Dalam dua dekade terakhir, di kalangan ahli pendidikan orang dewasa telah berkembang baik di Eropa maupun di Amerika dan Asia suatu teori mengenai cara mengajar orang dewasa. Untuk membedakan dengan “pedagogi”, maka teori tersebut dikenal dengan nama “andragogi”. Istilah “andragogi” sebagai istilah teori filsafat pendidikan telah digunakan sejak tahun 1833 oleh Alexander Kapp bangsa Jerman yang bekerja sebagai guru sekolah grammar, istilah tersebut hilang dalam peredaran zaman. Tahun 1921 istilah tersebut dimunculkan kembali oleh Eugene Rosentock, seorang pengajar di akademik buruh Frankrut.
1. Citra Diri
Citra diri seorang anak-anak adalah bahwa dirinya tergantung pada orang lain. Pada saat anak itu menjadi dewasa, ia menjadi kian sadar dan merasa bahwa ia dapat membuat keputusan untuk dirinya sendiri. Perubahan dari citra ketergantungan kepada orang lain menjadi citra mandiri. Hal ini disebut sebagai pencapaian tingkat kematangan psikologis atau tahap masa dewasa. Dengan demikian, orang yang telah mencapai masa dewasa akan berkecil hati apabila diperlakukan sebagai anak-anak. Dalam masa dewasa ini, seseorang telah memiliki kemauan untuk mengarahkan diri sendiri untuk belajar. Dorongan hati untuk belajar terus berkembang dan seringkali justru berkembang sedemikian kuat untuk terus melanjutkan proses belajarnya tanpa batas. Implikasi dari keadaan tersebut adalah dalam hal hubungan antara guru dan murid. Pada proses andragogi, hubungan itu bersifat timbal balik dan saling membantu. Pada proses pedagogi, hubungan itu lebih ditentukan oleh guru dan bersifat mengarah.
2. Pengalaman
Orang dewasa dalam hidupnya mempunyai banyak pengalaman yang sangat beraneka. Pada anak-anak, pengalaman itu justru hal yang baru sama sekali.Anak-anak memang mengalami banyak hal, namun belum berlangsung sedemikian sering. Dalam pendekatan proses andragogi, pengalaman orang dewasa justru dianggap sebagai sumber belajar yang sangat kaya. Dalam pendekatan proses pedagogi, pengalaman itu justru dialihkan dari pihak guru ke pihak murid. Sebagian besar proses belajar dalam pendekatan pedagogi, karena itu, dilaksanakan dengan cara-cara komunikasi satu arah, seperti ; ceramah, penguasaan kemampuan membaca dan sebagainya. Pada proses andragogi, cara-cara yang ditempuh lebih bersifat diskusi kelompok, simulasi, permainan peran dan lain-lain. Dalam proses seperti itu, maka semua pengalaman peserta didik dapat didayagunakan sebagai sumber belajar.
3. Kesiapan Belajar
Perbedaan ketiga antara pedagogi dan andragogi adalah dalam hal pemilihan isi pelajaran. Dalam pendekatan pedagogi, gurulah yang memutuskan isi pelajaran dan bertanggung jawab terhadap proses pemilihannya, serta kapan waktu hal tersebut akan diajarkan. Dalam pendekatan andragogi, peserta didiklah yang memutuskan apa yang akan dipelajarinya berdasarkan kebutuhannya sendiri. Guru sebagai fasilitator.
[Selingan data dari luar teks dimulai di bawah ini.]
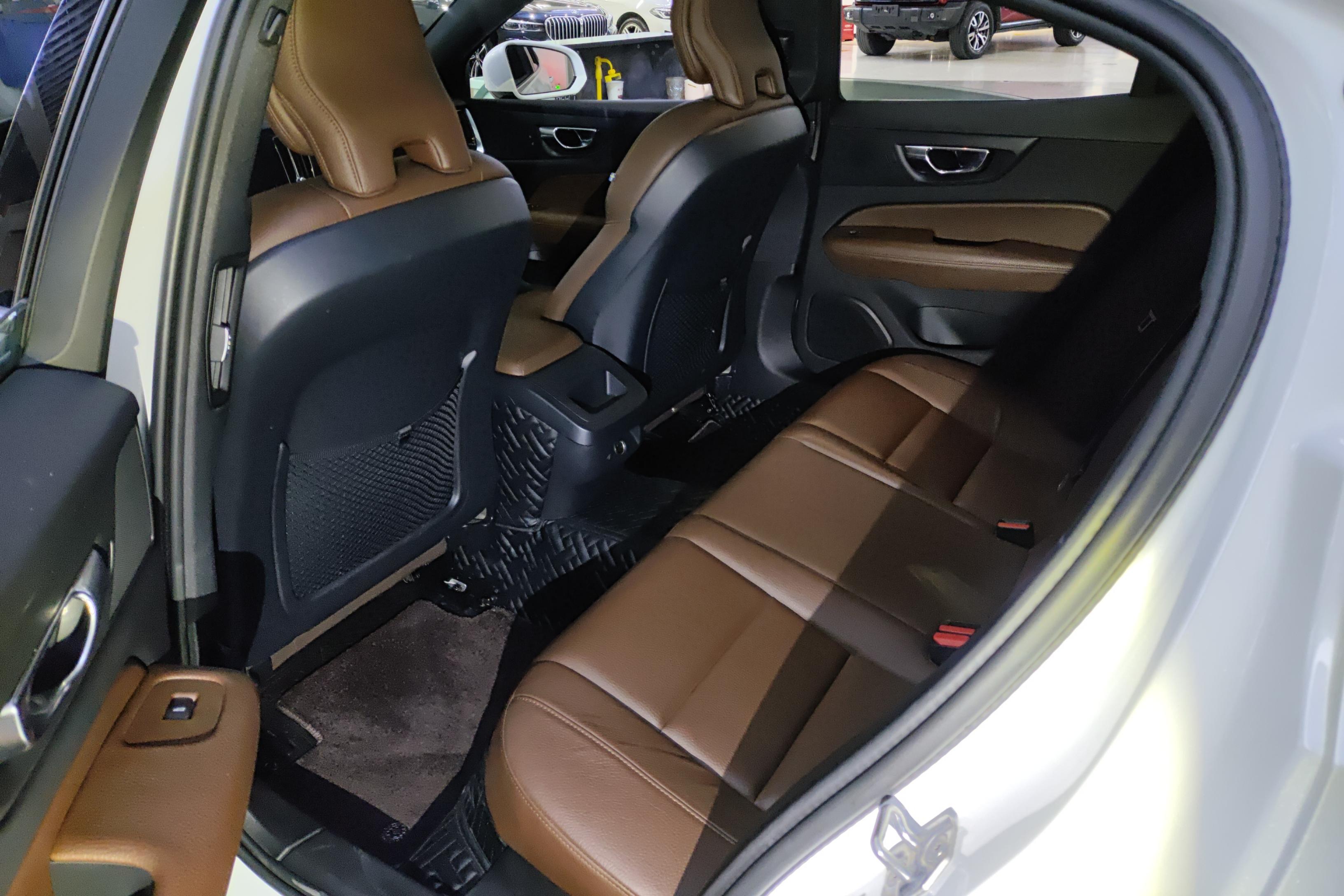 沃尔沃S60 T4 2020款 2.0T 自动 智远豪华版 (国Ⅵ)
4. Nirwana Waktu dan Arah Belajar
Pendidikan seringkali dipandang sebagai upaya mempersiapkan anak didik untuk masa depan. Dalam pendekatan andragogi, belajar dipandang sebagai suatu proses pemecahan masalah ketimbang sebagai proses pemberian mata pelajaran tertentu. Karena itu, andragogi merupakan suatu proses penemuan dan pemecahan masalah nyata pada masa kini. Arah pencapaiannya adalah penemuan suatu situasi yang lebih baik, suatu tujuan yang sengaja diciptakan, suatu pengalaman pribadi, suatu pengalaman kolektif atau suatu kemungkinan pengembangan berdasarkan kenyataan yang ada saat ini. Untuk menemukan "dimana kita sekarang" dan "kemana kita akan pergi", itulah pusat kegiatan dalam proses andragogi. Maka belajar dalam pendekatan andragogi adalah berarti "memecahkan masalah hari ini", sedangkan pada pendekatan pedagogi, belajar itu justru merupakan proses pengumpulan informasi yang sedang dipelajari yang akan digunakan suatu waktu kelak.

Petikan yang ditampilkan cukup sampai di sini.